資金は歴史文化財団内のアーツカウンシルという組織から公募で選ばれた現場を担う企業・団体に流れるという仕組です。文化事業はその特殊性から、その方向性を持った人にしか出来ないものも沢山ありますから、東京都の文化事業は外部委託という形は一般的と言えます。予算特別委員会でも小池知事は私に明確に「他の事業と同じスキーム」だと述べられました。川上さんがブログでも述べられていますが、同様の説明を都側が川上さんにされたのではないかと推測されます。

 

少なくとも、私が委員会で指摘したのは、このアーツカウンシルから委託された業者団体が別の事業者に再委託できるかどうか?という点。

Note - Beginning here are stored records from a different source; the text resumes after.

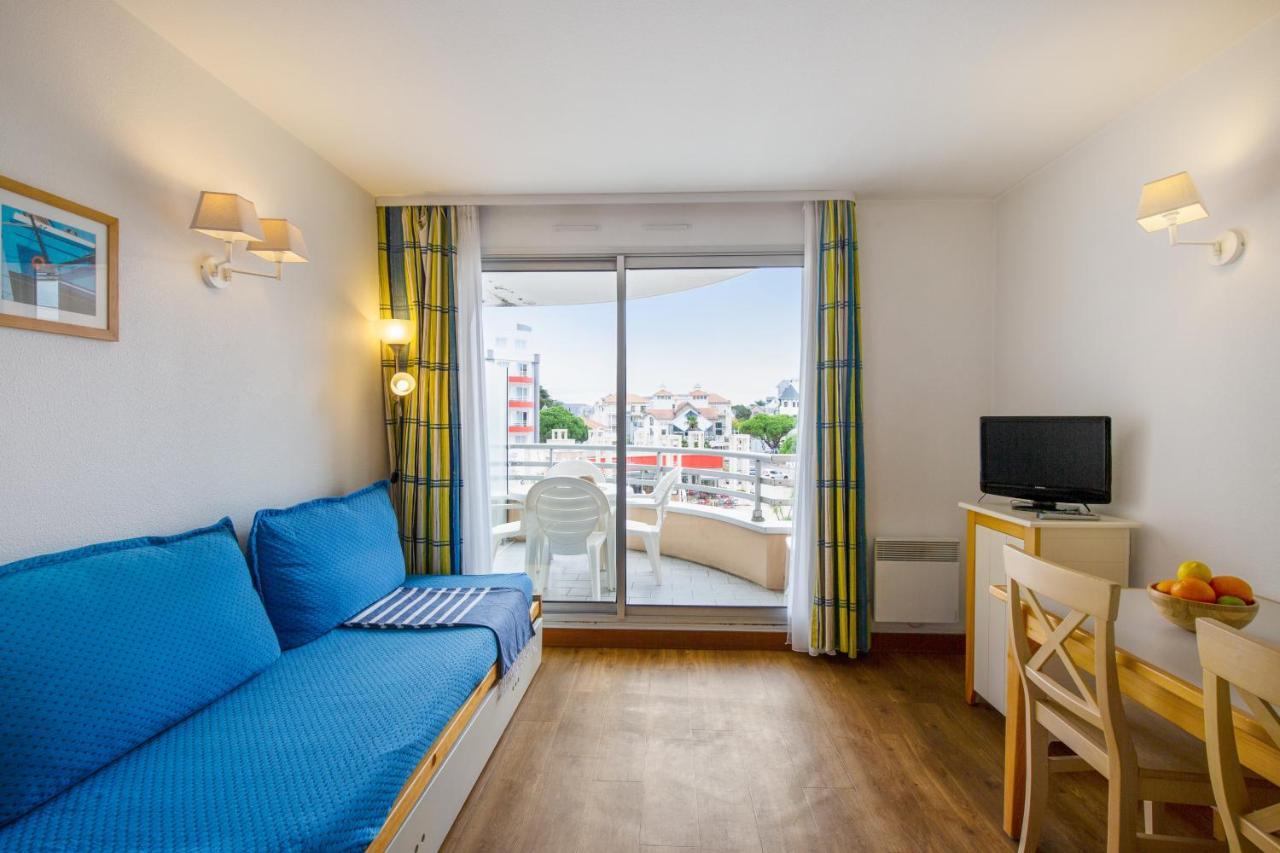 Pierre & Vacances Residence Les Oceanes 포르니세 외부 사진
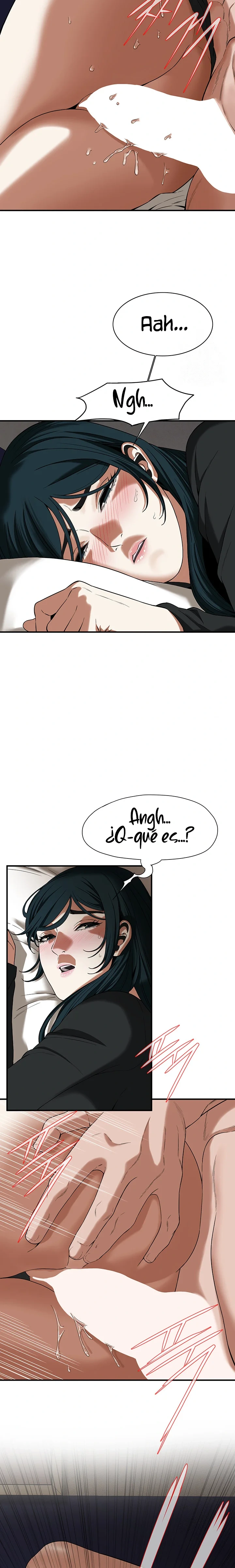 Un chico malo Capítulo 10 - Página 11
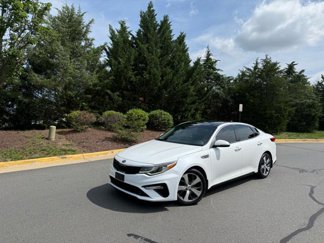 Used 2019 Kia Optima S w/ S Panoramic Sunroof Package image 1
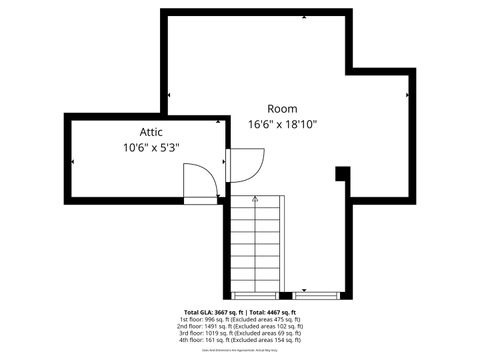 Tiny photo for 117 N Park Boulevard, Glen Ellyn, IL 60137 (MLS # 12679586)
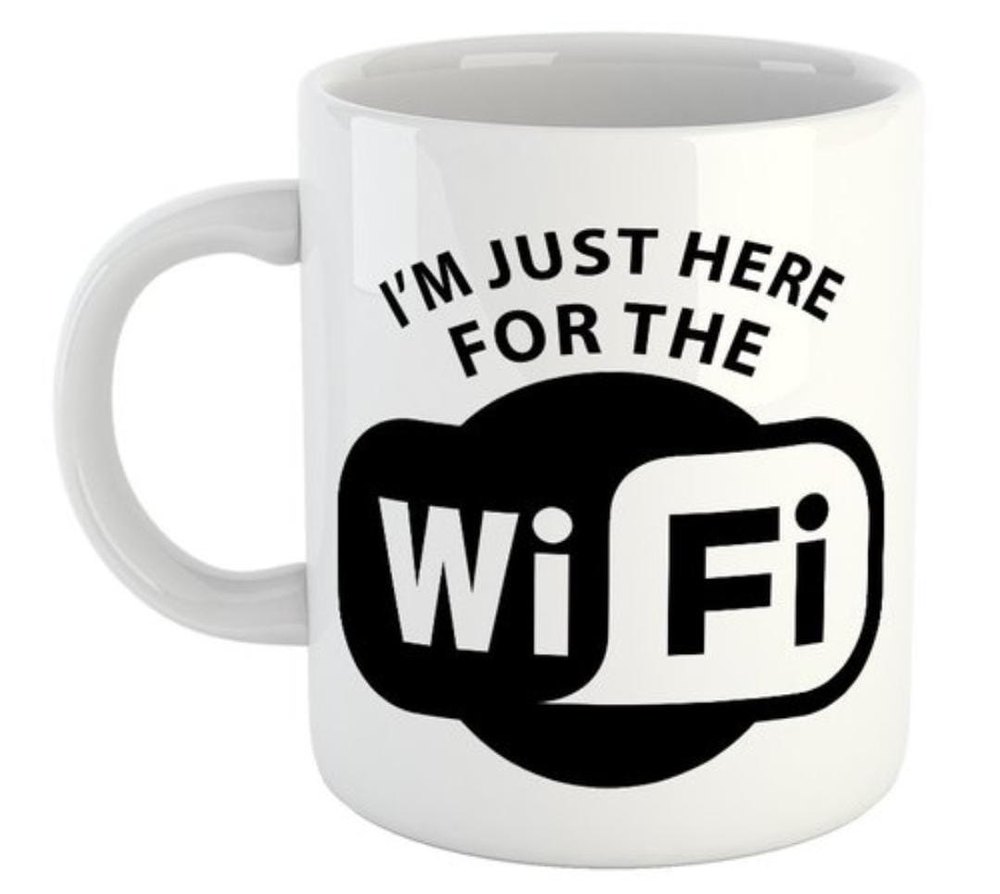 White Printed Ceramic Coffee Cup, For Home and office, Packaging Type: Box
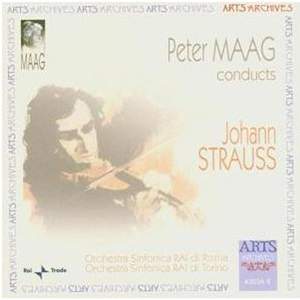 Johann Strauss - Waltzes and Polkas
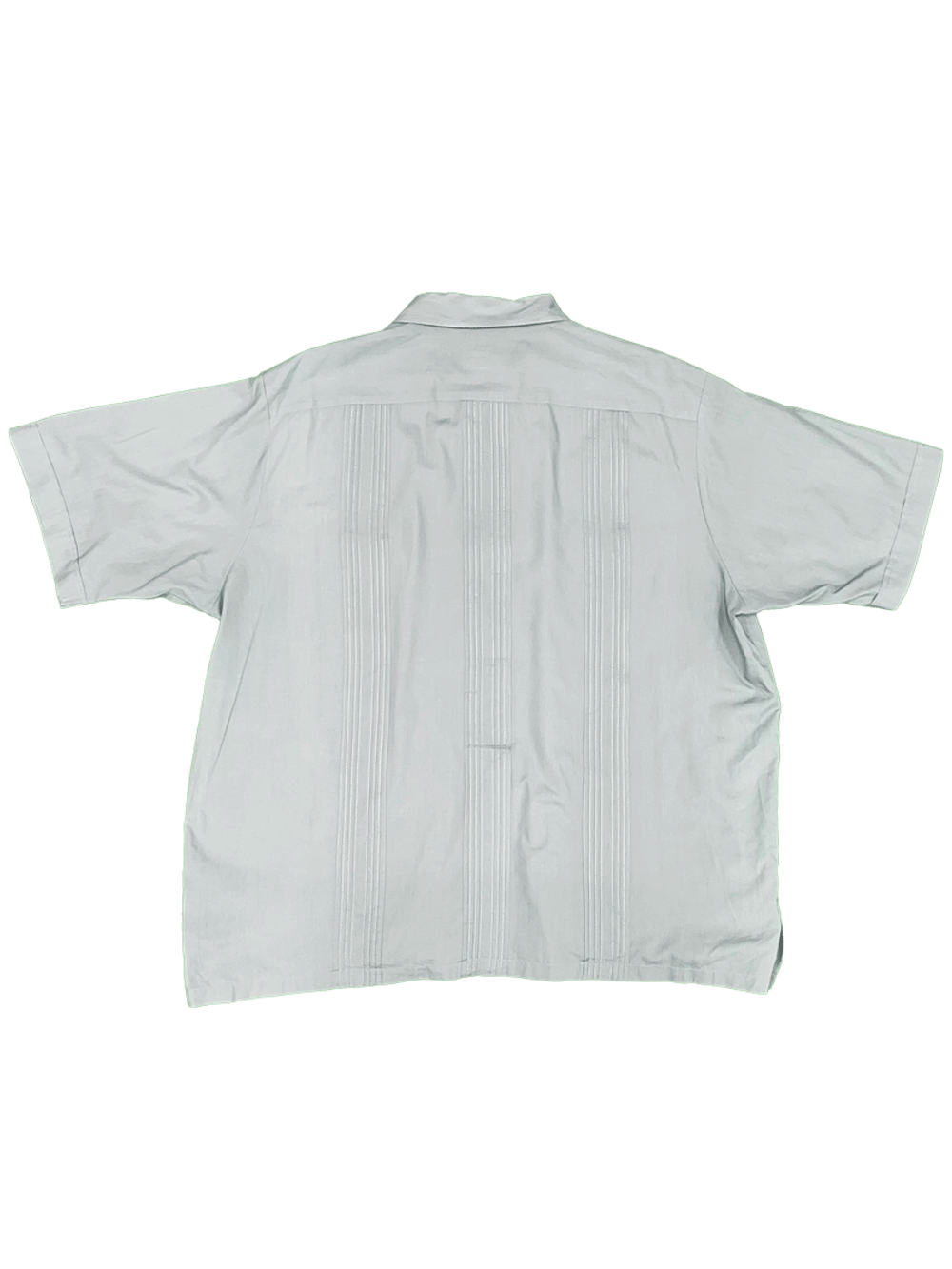 TROPICOOL S/S CUBAN SHIRT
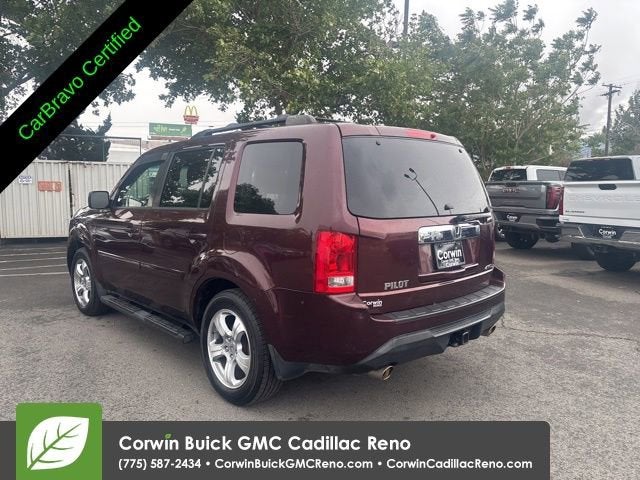 2013 Honda Pilot EX-L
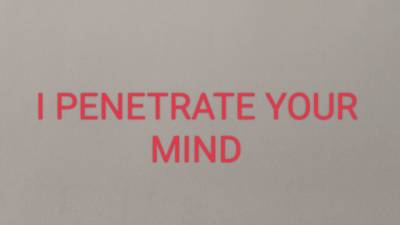 I Penetrate Your Mind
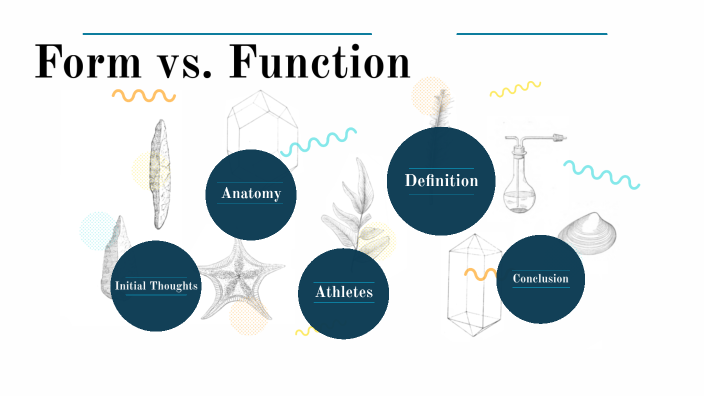 Form vs. Function by Mary Clark-Sanchez on Prezi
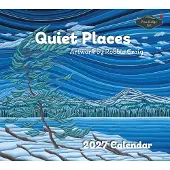 Pine Ridge Ruhige Orte Kalender 2027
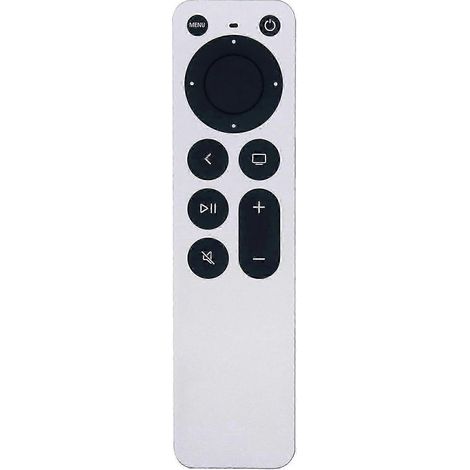 Télécommande universelle de remplacement neuve et compatible avec Apple TV 4K (dernier modèle 2025) (1/5)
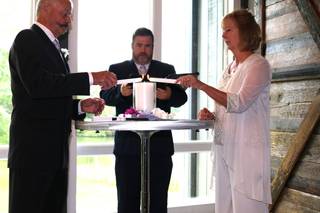 Chris Karol Marriage Officiant - 14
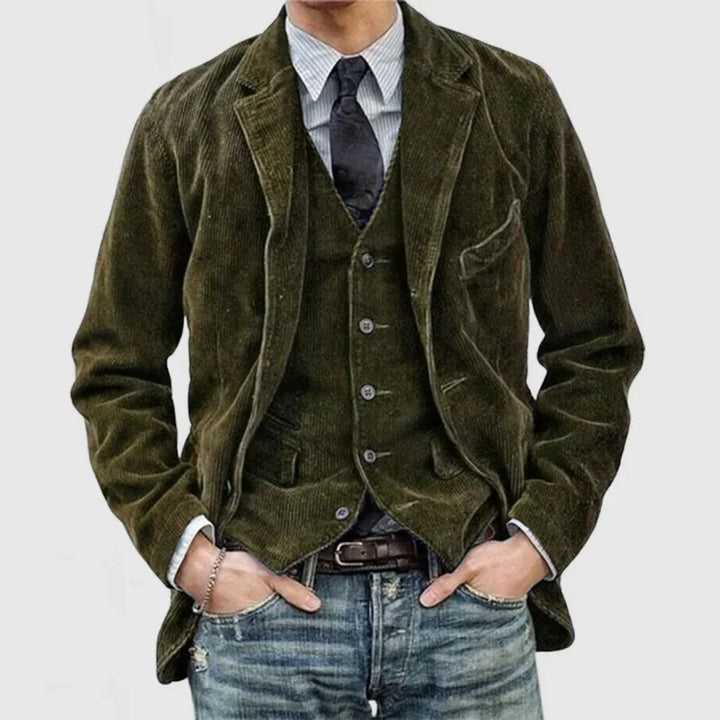 Dante Retro-Gilet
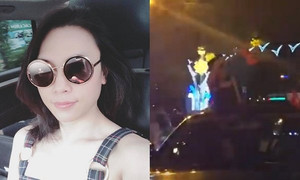 Video: Nhảy múa chưa đủ, đây là cách Mỹ Tâm ăn mừng chiến thắng của U23 Việt Nam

これに対して「出来る」と東京都から回答が出ましたので、その際委託先に「小池知事や川上統括プロデューサーの関係者は入ることはあるのか?」と聞いた事に対しての小池知事の回答が曖昧だった為に委員会は紛糾しました。今回、川上さんがブログで書かれているような堂々たる説明をされていれば事態は悪化しなかったかもしれません。

 

実際、小池知事は堂々と説明されるどころか、

「関係者、関係者とおっしゃいますけれども、どういう意味の関係者なのか、よくご質問の意味がわかりません。」と発言。

そうかと思えば委員長から「発言者の趣旨を理解しているのか?」という問いに、

「発言者の意図を理解しているか否か、理解しております。」という答弁をされたので、私としてはあまりにも馬鹿馬鹿しくなってしまい、限られた時間でもあるし、このTTF質疑をやっても前に進まないと判断し私は質疑をここでやめました。

 

深掘りされた小松都議の質疑

このやり取りに疑問を持ったのは23日に質疑に立った小松都議です。小松都議はこの質疑で多くの疑問を呈示しました。川上氏は統括プロデューサーというだけでなく、TTF運営調整会議の議長でもありました。平成30年度予算案としてTTF絡みでは億単位の予算が組まれたのですが、小松都議の質疑の時点で、この調整会議は1度しか開かれておりません。そして、これから委託業者を選定するにも関わらず想定される人件費、事務所費も具体的に計上されている事も含め、14日の小池知事の有耶無耶の答弁から、小池知事が何かを隠しているのではないかと都議会自民党だけでなく、他会派やマスコミからも思われていたのです。実際に私は他会派の都議や記者から意見を聞かれていましたが、小池知事が透明性を持ってやると話しているし、具体的な統括Pの話も出てこないし、様子を見ようと何もしないでおりました。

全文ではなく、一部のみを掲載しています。